Lei gli lanciò un'occhiata che fu più che significativa. «È lui il ragazzo di cui ti ho raccontato».
«Piuttosto, hai visto come ti ha guardato?» chiese successivamente.
«No, non ci ho fatto caso. Perché?»
«Sembrava... sorpreso di vederti» spiegò lei, osservando la reazione del cugino.
«Non lo conosco neanche» controbatté il ragazzo, ma con un tono di voce che non convinse Marianne.
«Magari lui sì» continuò lei.
Massimo rimase in silenzio, pensieroso, cercando di capire se la cugina avesse ragione. Quando gli aveva parlato di lui, aveva detto che si chiamava Davide, ma questo non lo aiutava granché. Era un nome così comune... Conosceva un po' di persone che si chiamavano così, ma nessuna corrispondeva fisicamente a quel ragazzo.
Nel mentre, arrivati in Piazza Duomo, i due si separarono, percorrendo strade diverse per tornare a casa.
Massimo, per tutto il tragitto, ripensò a quello che Marianne gli aveva detto. Possibile che avesse fatto catechesi con lui e ancora si ricordasse del suo viso nonostante il cambio radicale?
Oppure...
Gli venne un'improvvisa illuminazione, ma che non poteva verificare finché non fosse arrivato a casa.
Aumentò il passo, già abbastanza veloce prima, dando l'impressione che stesse correndo con un'andatura molto strana.
Quando vide la facciata del suo palazzo, rallentò un po', accorgendosi del fiatone che gli era venuto. Suonò il campanello, troppo pigro per cercare la chiave nello zaino e sperando che almeno sua madre fosse a casa.
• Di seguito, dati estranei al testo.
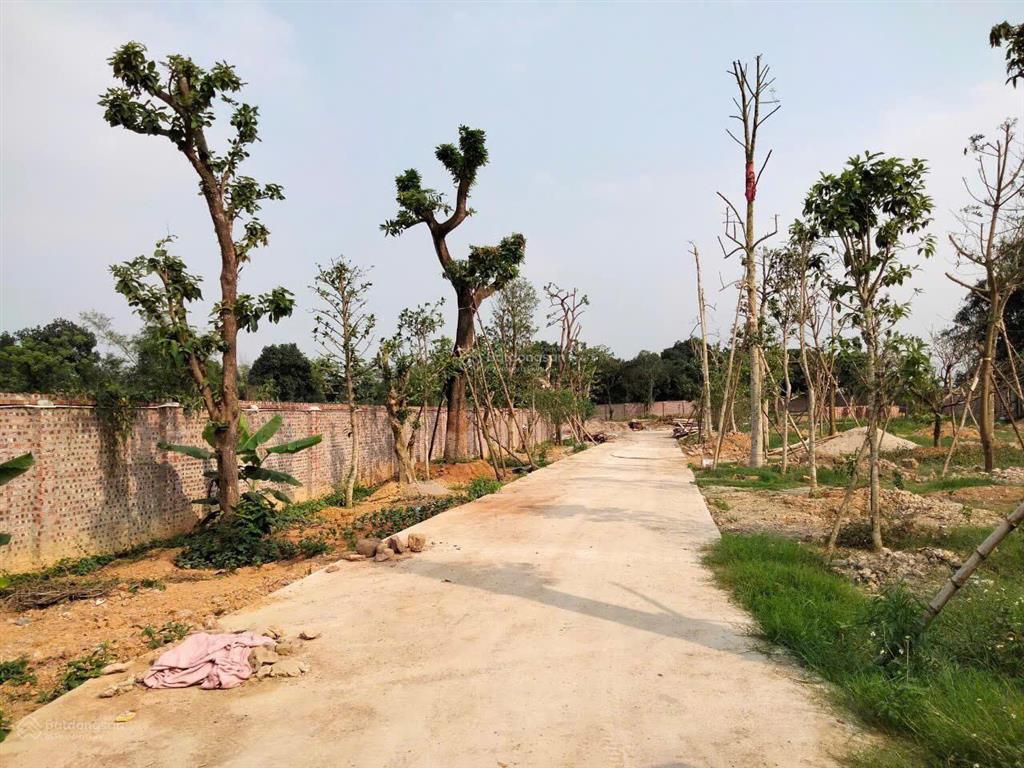 Bán đất tại hòa sơn, lương sơn, hòa bình, giá tốt 5,7 triệu vnd, diện tích 5100 m2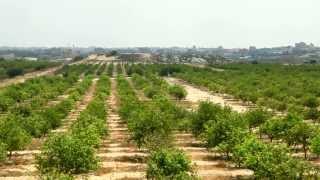 الزحف العمراني على الأراضي الزراعية في قطاع غزة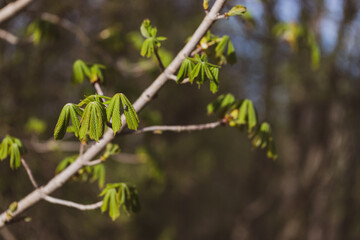 horse chestnut branch in spring. Insect on leaf. New leaves and buds of a horse chestnut tree,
Sentì un suono squillante e capì che gli avevano aperto il portone. Salì le scale due scalini alla volta e, una volta arrivato in cima, sua madre lo aspettava con la porta aperta.
«Com'è andata la giornata?» gli chiese facendolo entrare e chiudendo la porta dietro di loro.
«Bene» rispose togliendosi frettolosamente le scarpe e la giacca prima di varcare la soglia della cucina.
Lì, seduto vicino al forno a legna e con il viso affondato tra le pagine di un giornale, c'era suo padre.
Non alzò neanche la testa quando lo vide e, a malapena, lo salutò.
Massimo non ci fece caso, abituato ormai ai pochi segni di affetto che gli dava.
Era buffo il fatto che, nonostante suo padre e quello di Marianne fossero fratelli, non si assomigliavano per niente nel carattere. Stefano era un uomo decisamente più dolce e premuroso, mentre erano passati anni dall'ultima volta che suo padre l'aveva anche solo abbracciato.
Il nostro rapporto è freddo e distaccato, pensò tristemente il ragazzo, quando richiuse piano la porta della sua camera da letto.
Si precipitò alla scrivania, accendendo il computer. Una volta inserita la password, controllò le varie cartelle sul desktop alla ricerca di una che sperava non avesse cancellato.
Quando la trovò si trattenne dall'esultare e l'aprì. Subito, davanti ai suoi occhi, vennero visualizzate una trentina di foto. Erano quelle che avevano fatto alla sua classe il primo giorno di superiori.
Era l'unico anno, o meglio, gli unici giorni che aveva fatto in quel liceo scientifico. Si era spostato alla ragioneria qualche mese dopo l'inizio della scuola, capendo che doveva seguire la sua passione per l'economia.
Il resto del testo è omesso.